0
votes

I am extracting image matrices using opencv from a desktop application screenshot and using tesseract to read the cropped images. For instance, if you refer to the images below, Tesseract extracts "Relationship" image to be R’e‘auunshwp and member as Mamba!

Is the quality of attaching image too low for tesseract? What can I do to improve it?

enter image description here enter image description here

UPDATE

I used the following code to resize image, which improved OCR quality. But, how do I calculate what would be 300DPI and then how do I ensure that the aspect ratio of the image remains the same at the scale?
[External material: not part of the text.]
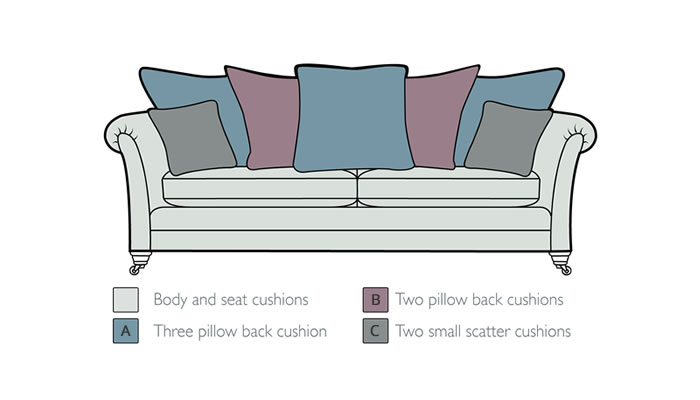 Alstons Lowry Grand Sofa Pillow Back Cushions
    Mat resizedMat = new Mat();
    Size sz = new Size(mat.rows()*10,mat.cols()*10);
    Imgproc.resize(mat,resizedMat,sz);
3

3 Answers

3
votes

Resolution is too low. Try rescaling to 300DPI.

1
votes

As nguyenq said, you should rescale your image, because tesseract struggles to scan low quality images.
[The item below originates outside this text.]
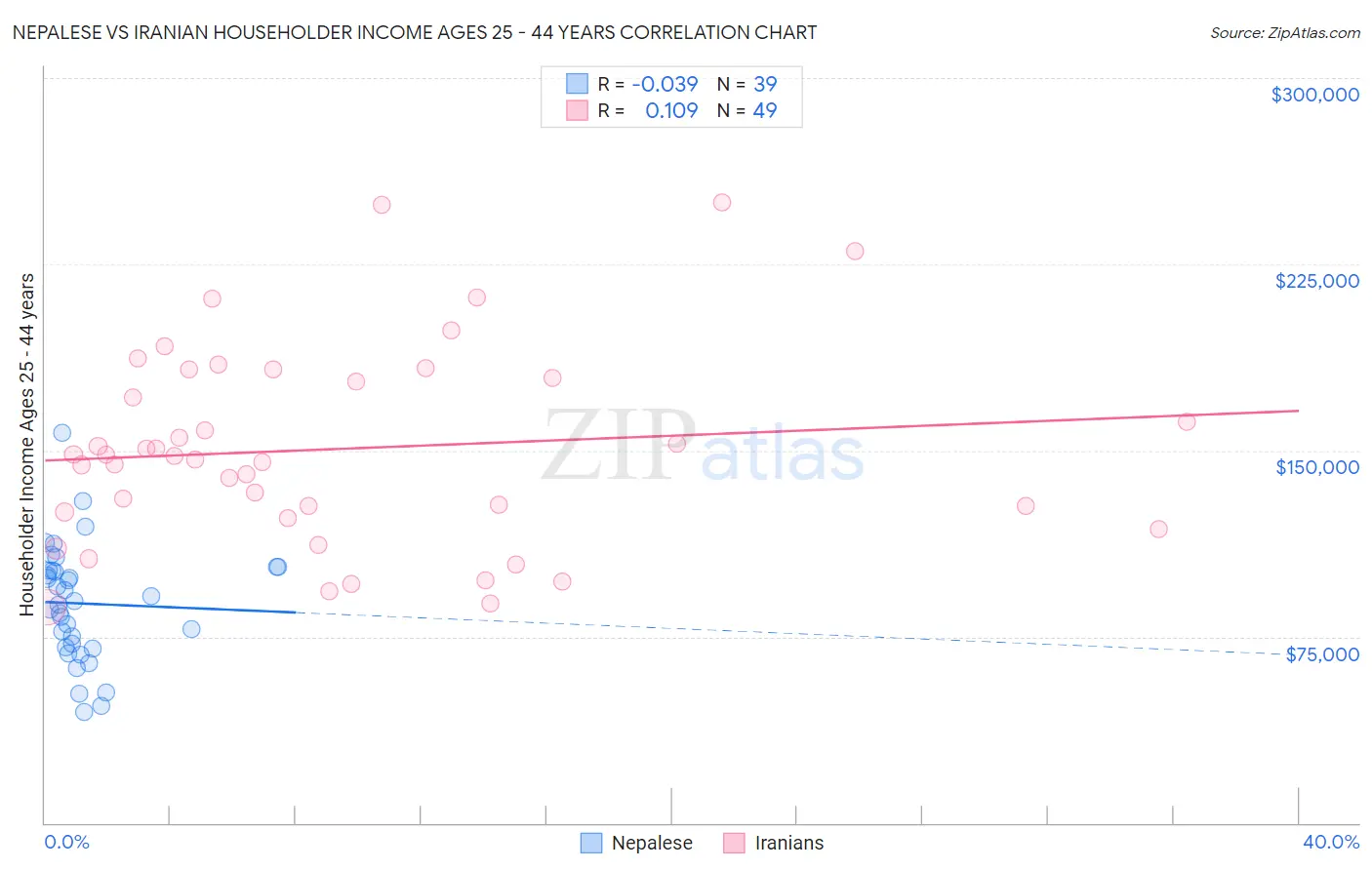 Nepalese vs Iranian Householder Income Ages 25 - 44 years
I answered a similar question HERE for another person, you should try to do the same. Increase your image size by 200-400%, if only this does not help, do some blurring and then threshold.

1
votes

I finally solved it with this code, using OpenCV -

Mat resizedMat = new Mat();
double width = mat.cols();
double height = mat.rows();
double aspect = width / height;
Size sz = new Size(width * aspect * 2, height * aspect * 2);
Imgproc.resize(mat, resizedMat, sz);